I'll answer this from an employer's perspective.
Technical ability is a necessary but not sufficient condition - the skill I value the most in my employees is their ability to manage expectations. I am also very mindful of the fact that most people can't do this well at all.
People higher up the chain have better oversight of what needs to be done, why, and by when. It is perfectly ok for something to take a long time, it is definitely not ok for management to be blindsided by this. If a task is going to take longer than expected, management needs to know asap, because they have oversight of the entire project. Some things they might choose to do if they do know:
- Hire more people
- Reassign more people to work on the project
- Hire an experienced contractor for a short time to help out
- Cut features to meet the deadline
- Postpone the project until more critical things are completed
- Cancel the project altogether
These are all management-level decisions that can only be made if management is aware of the reality of a situation.
The macro-level problem here is that employees typically think that their responsibility is to come up with a "how", but this is not the case. Management & employees are supposed to work together to come up with a "how" that fits the "what" and the "when".
A sign of a good manager is that they understand how hard this is, and they are upfront with you about how this is going to work, what exactly is expected of you, and how they are going to evaluate your progress. You will agree on time estimates, in the beginning you will get it wrong, you will have honest conversations about why, and a good manager will help you understand how to manage your time and expectations better. A bad manager will tell you "make sure this never happens again or else", without telling you what to do about it.
For instance, when I need something done, I will sit down with the person who will be responsible for it, we will discuss to define what work will be done exactly (or what work needs to be done to figure out what to do in the first place), and at the end I will ask them how long they think it's going to take. I will also give them an idea of the greater picture by letting them know how their task fits into the greater sequence of tasks that other people are doing, and how other crucial things done by other people depend on the timely completion of their work.

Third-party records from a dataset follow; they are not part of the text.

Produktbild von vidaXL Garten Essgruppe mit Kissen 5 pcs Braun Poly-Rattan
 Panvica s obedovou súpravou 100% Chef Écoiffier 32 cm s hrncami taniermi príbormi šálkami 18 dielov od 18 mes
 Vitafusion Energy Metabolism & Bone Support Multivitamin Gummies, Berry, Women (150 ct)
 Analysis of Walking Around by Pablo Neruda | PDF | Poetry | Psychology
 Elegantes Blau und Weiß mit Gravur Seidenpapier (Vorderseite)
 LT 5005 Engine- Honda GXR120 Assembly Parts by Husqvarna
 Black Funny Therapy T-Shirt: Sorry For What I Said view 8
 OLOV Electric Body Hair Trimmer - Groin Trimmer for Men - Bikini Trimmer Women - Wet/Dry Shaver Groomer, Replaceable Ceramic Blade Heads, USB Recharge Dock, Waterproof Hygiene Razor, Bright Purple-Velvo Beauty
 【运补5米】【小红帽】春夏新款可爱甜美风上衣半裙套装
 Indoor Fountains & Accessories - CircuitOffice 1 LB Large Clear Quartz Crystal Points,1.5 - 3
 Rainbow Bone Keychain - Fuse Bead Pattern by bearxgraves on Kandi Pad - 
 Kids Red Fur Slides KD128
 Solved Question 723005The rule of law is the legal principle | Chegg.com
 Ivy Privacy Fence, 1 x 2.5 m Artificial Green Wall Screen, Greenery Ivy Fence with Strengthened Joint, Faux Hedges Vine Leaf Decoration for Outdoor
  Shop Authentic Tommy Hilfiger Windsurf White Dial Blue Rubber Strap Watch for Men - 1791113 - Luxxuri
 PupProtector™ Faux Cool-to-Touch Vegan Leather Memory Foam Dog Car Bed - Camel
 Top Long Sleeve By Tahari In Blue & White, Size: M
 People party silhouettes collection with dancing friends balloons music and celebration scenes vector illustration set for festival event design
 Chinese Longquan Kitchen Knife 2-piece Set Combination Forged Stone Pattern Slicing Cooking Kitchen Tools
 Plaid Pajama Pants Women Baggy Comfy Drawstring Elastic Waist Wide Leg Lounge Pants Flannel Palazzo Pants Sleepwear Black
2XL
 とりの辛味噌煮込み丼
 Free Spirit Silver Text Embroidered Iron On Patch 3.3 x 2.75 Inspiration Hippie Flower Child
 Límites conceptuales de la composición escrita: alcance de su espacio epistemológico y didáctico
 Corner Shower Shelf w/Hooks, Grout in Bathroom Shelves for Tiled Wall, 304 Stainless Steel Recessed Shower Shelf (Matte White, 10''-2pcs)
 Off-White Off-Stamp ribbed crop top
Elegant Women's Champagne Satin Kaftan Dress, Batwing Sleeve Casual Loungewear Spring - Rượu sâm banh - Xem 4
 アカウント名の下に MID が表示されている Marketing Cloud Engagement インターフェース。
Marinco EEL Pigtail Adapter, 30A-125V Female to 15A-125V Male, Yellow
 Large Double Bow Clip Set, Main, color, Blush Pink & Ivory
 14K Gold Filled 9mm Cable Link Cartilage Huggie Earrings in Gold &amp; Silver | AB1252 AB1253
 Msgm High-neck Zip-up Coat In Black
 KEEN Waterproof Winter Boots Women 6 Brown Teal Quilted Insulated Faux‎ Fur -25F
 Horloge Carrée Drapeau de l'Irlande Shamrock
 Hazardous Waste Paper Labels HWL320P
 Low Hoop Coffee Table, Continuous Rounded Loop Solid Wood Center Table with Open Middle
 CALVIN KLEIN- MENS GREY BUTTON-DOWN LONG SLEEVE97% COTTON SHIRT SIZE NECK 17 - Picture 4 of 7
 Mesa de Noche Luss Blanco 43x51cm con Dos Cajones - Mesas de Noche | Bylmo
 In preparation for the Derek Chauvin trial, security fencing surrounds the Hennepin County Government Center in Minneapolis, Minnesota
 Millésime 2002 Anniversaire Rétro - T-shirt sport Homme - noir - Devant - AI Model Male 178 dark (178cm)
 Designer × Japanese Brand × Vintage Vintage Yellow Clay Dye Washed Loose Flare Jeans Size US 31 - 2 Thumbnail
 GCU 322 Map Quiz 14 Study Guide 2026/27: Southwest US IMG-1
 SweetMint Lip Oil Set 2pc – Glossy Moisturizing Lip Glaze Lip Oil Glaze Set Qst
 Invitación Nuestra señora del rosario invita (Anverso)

As a rule of thumb, for junior people I will assume it will take at least 3-5 times their estimate (sometimes 10x), for senior people about 2x, and for team leads it's usually done about as quickly as they predict, because they add the multiplier themselves.
I should also point out that this is the part of the job most people struggle with the most, as being able to manage time and expectations well is not something universities prepare us for - it typically comes with experience. This is a very high-level skill, even experienced people can be shockingly bad at this. In industry terms, this makes the difference between a team lead and a senior person.
So, from a practical point of view, what does this tell us about your situation:
- Managing expectations is 100% your responsibility, especially if you are the only person at the company with a particular skillset. No-one has the knowledge to set proper timelines except for you.
- You are most definitely not expected to be able to do this well straight out of uni. You are however expected to be proactive in improving your ability to do this well. Just be mindful that this is a life-long process, it doesn't happen overnight, and that's ok.
- It 100% ok to tell your manager that you don't believe you can do what they ask in the time they want you to do it. A good employee does this routinely, and a great employee will suggest how to adjust the project's objectives to fit the management's timeline.
- You will only be judged unfairly in two cases: (i) if you don't manage expectations well, which is up to you, and (ii) if you have a bad manager, in which case you should probably find a different job.
- As a junior professional, always multiply the time you think you need by 5, until you start to feel confident about your ability to estimate time well.
Finally, to answer the OR-specific part of your question, unfortunately it's unlikely that you'll be able to communicate the complexity to a non-optimisation person. You should of course try to communicate that this is complicated stuff, but at the end of the day the people employing you should trust you, especially if you are the only person with the know-how, which by definition makes you the resident expert. If the expert says X needs two months, and they do deliver X in two months, everyone is happy. If management says "we don't have two months for X, we have 1 week", then it is the expert's job to stick to their guns and suggest alternatives.
If, despite your efforts, management is still being unreasonable, it's time to find a new job.